But it was not until two months later that Wilkerson made international headlines On October 19, 2005 in a Washington, D.C. speech before the New America Foundation where he accused Vice President Dick Cheney and secretary of Defense Donald Rumsfeld of spearheading a “cabal” to hijack U.S. foreign policy. He also lashed out at then national security advisor Condoleeza Rice for excluding relevent officials from the decision-making process.

This criticism was not coming from some low-level bureaucrat. Wilkerson brings an impressive resume to the table. From Sourcewatch:

“Colonel, U.S. Army (Retired) Larry Wilkerson joined General Colin L. Powell in March 1989 at the U.S. Army’s Forces Command in Atlanta, Georgia as his Deputy Executive Officer. He followed the General to his next position as Chairman of the U.S. Joint Chiefs of Staff, serving as his special assistant. Upon Powell’s retirement from active service in 1993, Colonel Wilkerson served as the Deputy Director and Director of the U.S. Marine Corps War College at Quantico, Virginia.
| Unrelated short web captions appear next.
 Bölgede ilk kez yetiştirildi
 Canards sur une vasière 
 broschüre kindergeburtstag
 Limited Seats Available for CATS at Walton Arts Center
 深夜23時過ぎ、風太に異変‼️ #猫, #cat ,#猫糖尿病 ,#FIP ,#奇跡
Upon Wilkerson’s retirement from active service in 1997, he began working for General Powell in a private capacity as a consultant and advisor.
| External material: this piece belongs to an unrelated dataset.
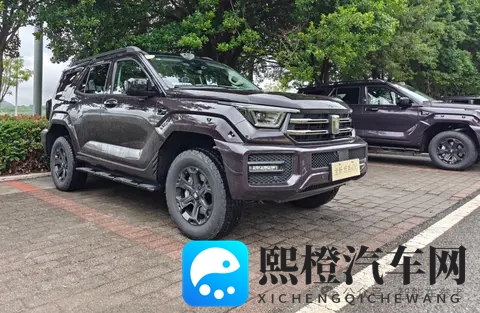 25万起,坦克400智能家用拉满,辅助驾驶雨天重庆也好用-3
“In December 2000, Secretary of State-designate Powell asked Wilkerson to join him in the Transition Office at the U.S. State Department and, later, upon his confirmation as Secretary of State, Secretary Powell moved Wilkerson to his Policy Planning Staff with responsibilities for East Asia and the Pacific, and legislative and political-military affairs. In June of 2002, the Director for Policy Planning, Ambassador Richard Haass, made Wilkerson the associate director. In August of 2002, Secretary Powell moved Wilkerson to the position of Chief of Staff of the Department.
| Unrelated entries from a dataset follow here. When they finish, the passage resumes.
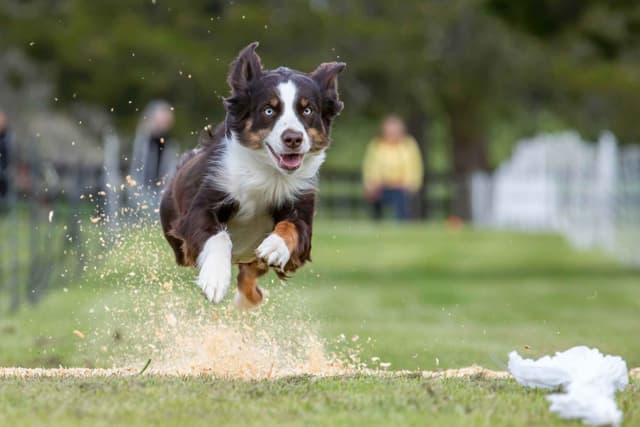Australian Shepherd Puppies media 12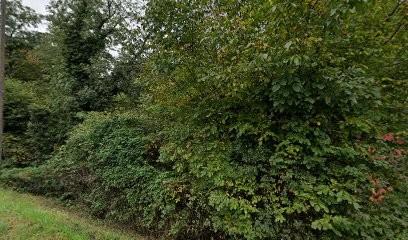 PHOENIX Informatique, Service de Réparation Informatique à Perrignier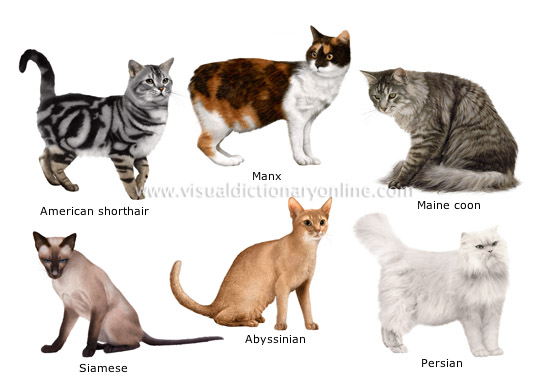 Cat Breeds Chart With Pictures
“Wilkerson is a veteran of the Vietnam war as well as a U.S. Army ‘Pacific hand,’ having served in Korea, Japan, and Hawaii and participated in military exercises throughout the Pacific. Moreover, Wilkerson was Executive Assistant to US Navy Admiral Stewart A. Ring, Director for Strategy and Policy (J5) USCINCPAC, from 1984-87. Wilkerson also served on the faculty of the U.S. Naval War College at Newport, RI and holds two advanced degrees, one in International Relations and the other in National Security Studies.”

While Colin Powell has himself called his UN speech a blot on his record, Wilkerson’s blunt criticism of the Bush administration has not endeared him to his former boss. In a Q&A following his October 19, 2005 speech he acknowledged that:

“…I have paid a price, and it is a high price for me. I’ve paid the price that Colin Powell and I see eye to eye a lot less than we used to…. The great respect I have for the man emanates as much from his ability to tolerate me in my many dissenting opinions as it does from his leadership qualities… But at the end, I actually was physically thrown out of his office on one occassion, and that was a first in 16 years.

It showed, I think, his exasperation and it showed his tolerance level had sunk considerably for dissenting opinions. He’s not happy — I think that’s fair to say — with my speaking out because — and I admire this in him too — he is the world’s most loyal soldier and feels that his inveterate optimism is right and that we will overcome these problems. And I share that. However, I feel like as a citizen and as a person very much concerned with the military — it was my old home — I need to speak out…

And speak out he has. Wilkerson saw from the inside the case for war being constructed, and he has branded it a hoax. The administration likely regards him as a traitor, but the American people should salute him as a true patriot.